The first thing we will do is authenticate our connection with Twitter.
load("twitCred.RData")
registerTwitterOAuth(twitCred)
Now, we need a way to score how ‘good’ or ‘bad’ each tweet is. This is actually an interesting problem. I will be using an adapted solution developed from Jeffrey Breen.
# load files containing positive & negative words
positive.words = scan("positive-words.txt",
what='character',
comment.char=';')
negative.words = scan("negative-words.txt",
what='character',
comment.char=';')
# dependent function
tryTolower = function(x){
# create missing value
# this is where the returned value will be
y = NA
# tryCatch error
try_error = tryCatch(tolower(x), error=function(e) e)
# if not an error
if (!inherits(try_error, "error"))
y = tolower(x)
return(y)
}
# sentiment score function
score.sentiment = function(sentences, pos.words, neg.words, .progress='none'){
# We got a vector of sentences.
# plyr will handle a list or a vector as an "l" for us.
# We want a simple array ("a") of scores back, so we use
# "l" + "a" + "ply" = "laply":
scores = laply(sentences, function(sentence, pos.words, neg.words){
# Clean Up Sentences With R's Regex-driven Global Substitute, gsub():
sentence = gsub('[[:punct:]]', '', sentence)
sentence = gsub('[[:cntrl:]]', '', sentence)
sentence = gsub('\\d+', '', sentence)
# Convert to Lower Case:
sentence = iconv(sentence, 'UTF-8', 'ASCII')
sapply(sentence, function(x) tryTolower(x))
# Split into Words. str_split is in the stringr package
word.list = str_split(sentence, '\\s+')
# sometimes a list() is one level of hierarchy too much
words = unlist(word.list)
# Compare Our Words to the Dictionaries of Positive & Negative Terms
pos.matches = match(words, pos.words)
neg.matches = match(words, neg.words)
# match() returns the position of the matched term or NA
# we just want a TRUE/FALSE:
pos.matches = !is.na(pos.matches)
neg.matches = !is.na(neg.matches)
# and conveniently enough, TRUE/FALSE will be treated as 1/0 by sum():
score = sum(pos.matches) - sum(neg.matches)
return(score)
}, pos.words, neg.words, .progress=.progress )

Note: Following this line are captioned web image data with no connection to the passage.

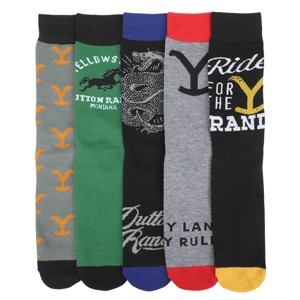 Yellowstone Ride For The Brand Men's 5-Pair Casual Crew Socks - 1 of 4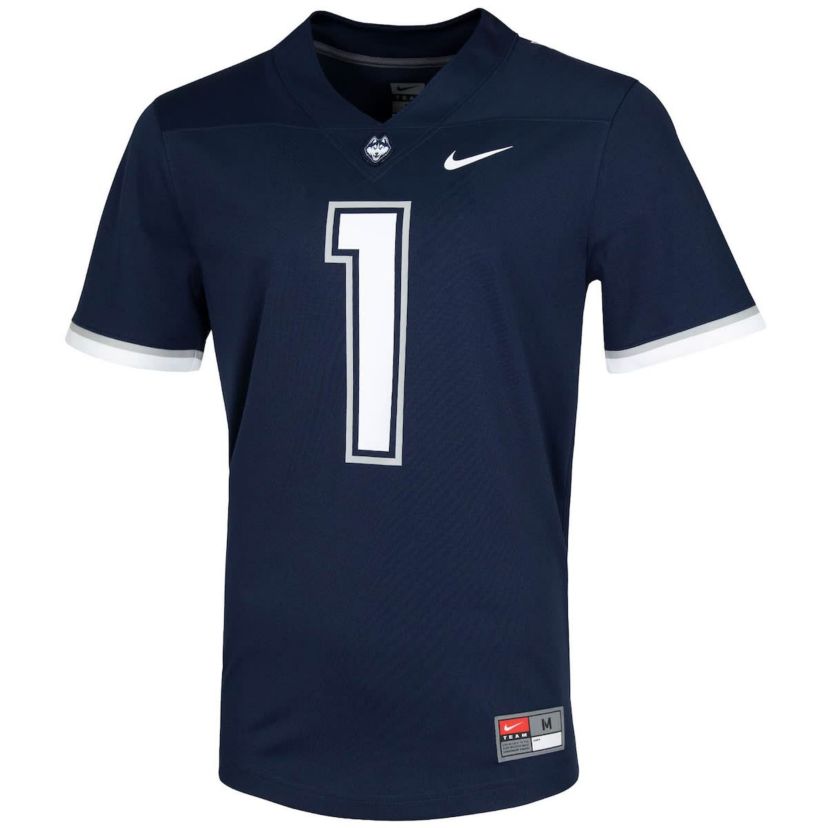 Connecticut Huskies NCAA Nike #1 UConn Huskies Untouchable Game Jersey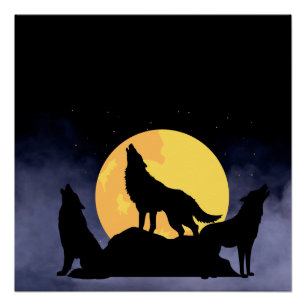 Poster trio de loups
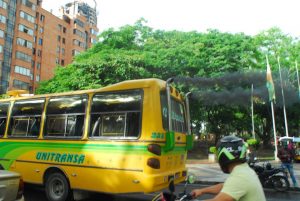 68 microgramos de partículas contaminantes por metro cúbico revelan una regular calidad del aire en Cabecera. - Heliberto Cáceres/GENTE DE CABECERA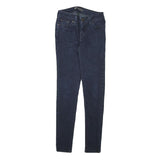 LEVI'S Womens Slim Fit 535 Slim Jeans Denim Dark W25 L28 Stretch Zip Fly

scores.df = data.frame(score=scores, text=sentences)
return(scores.df)
}
# function to grab tweets
grab.tweet <- function(search="#rstats", n=10) {
# check search parameter
if (!is.character(search)) {
warning(sprintf("Search argument %s is not character.",search))
}
# check n parameter
if (!is.numeric(n)) {
warning(sprintf("Number %s is not numeric.",n))
}
# get tweets
tweets <- searchTwitter(search, n=n, cainfo = system.file("CurlSSL", "cacert.pem", package = "RCurl"))
# put in data frame
tweets <- twListToDF(tweets)
# output to temporary file and read back in to weed out erroneous characters
write.csv(tweets, file="tmp_tweet.csv", row.names=FALSE)

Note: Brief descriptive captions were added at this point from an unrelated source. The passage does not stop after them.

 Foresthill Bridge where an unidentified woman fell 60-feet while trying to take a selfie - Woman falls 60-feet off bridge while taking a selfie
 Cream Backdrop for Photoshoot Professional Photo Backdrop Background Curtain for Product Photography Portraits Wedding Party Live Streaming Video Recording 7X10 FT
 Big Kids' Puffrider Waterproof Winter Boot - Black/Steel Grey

tweets <- read.csv(file="tmp_tweet.csv")
# score tweets
tweet.scores <- score.sentiment(tweets$text, positive.words, negative.words)

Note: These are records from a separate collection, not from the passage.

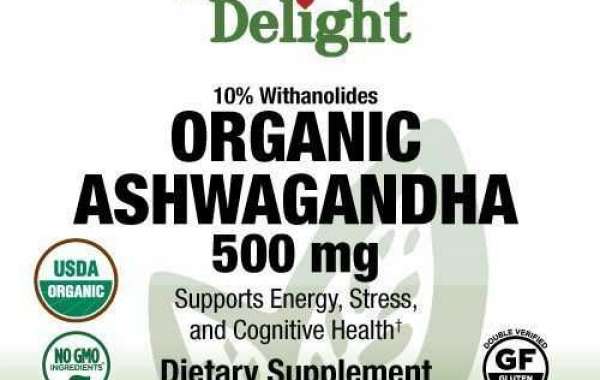 Organic Ashwagandha 500 mg – 50 Vegan Tabs.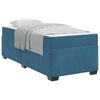 vidaXL Cadre de lit avec matelas Bleu 80 x 200 cm tissu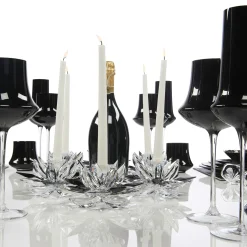 Small Lotus Crystal Candle Holder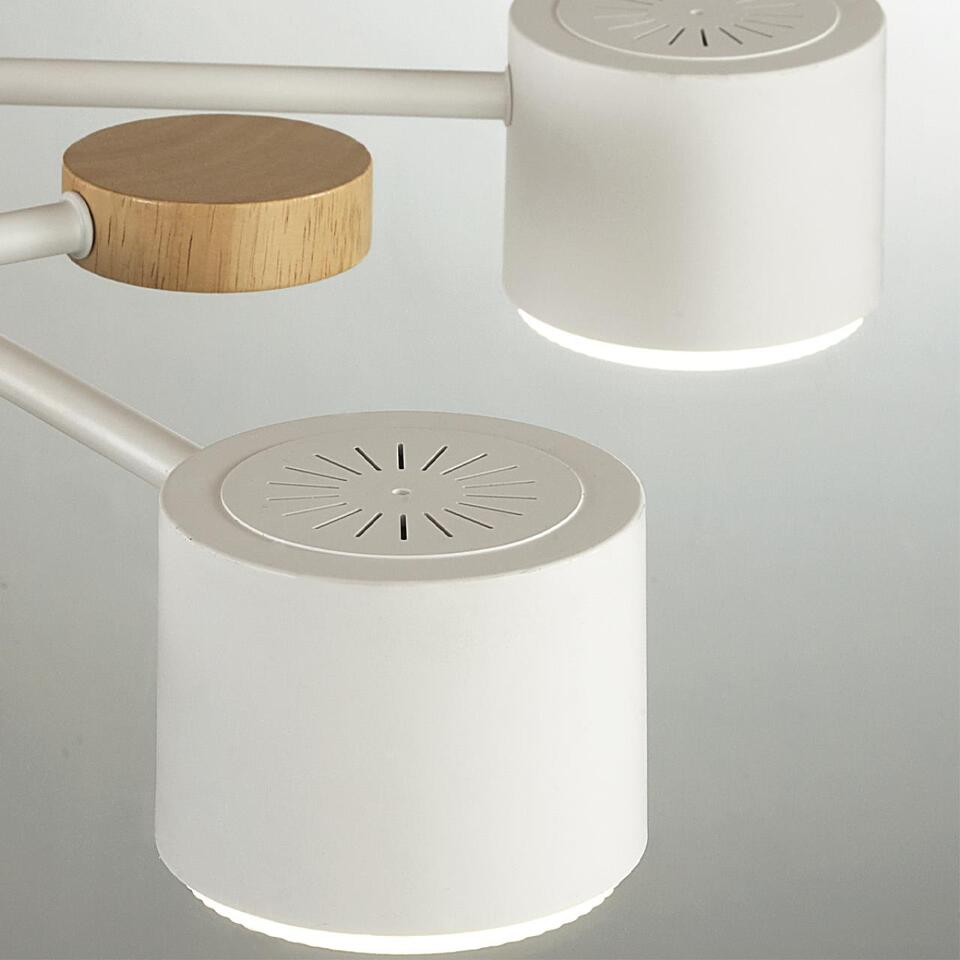 Фото №10  LUMION 8195/7C COMFI LN26 336 белый, металл/дерево/пластик Потолочный светильник LED GX53 7*9W 220V RONDO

# merge back to original data
tweet.scores <- merge(tweets,tweet.scores)
return(tweet.scores)
}
Now we can load tweets and analyze the sentiment score.
# get 500 latest tweets containing "#heat"
tweets <- grab.tweet(search="#heat", n=500)
# examine data frame with tweets and score
head(tweets)
# tabulate scores
table(tweets$score)
# plot scores and output as png file
require(lattice)
png(file="heat_bar.png", width=1000, height=750)
barchart(as.factor(tweets$score),
horizontal=FALSE,
col="red",
scales=list(x=list(cex=1.5), y=list(cex=1.5)),
xlab=list("Score",cex=2),
ylab=list("Frequency",cex=2),
main=list("Miami Heat Tweet Sentiment",cex=4))
dev.off()
This was run right after the Miami Heat won game 5 of the 2013 NBA Playoffs against the Indiana Pacers in the Eastern Conference finals.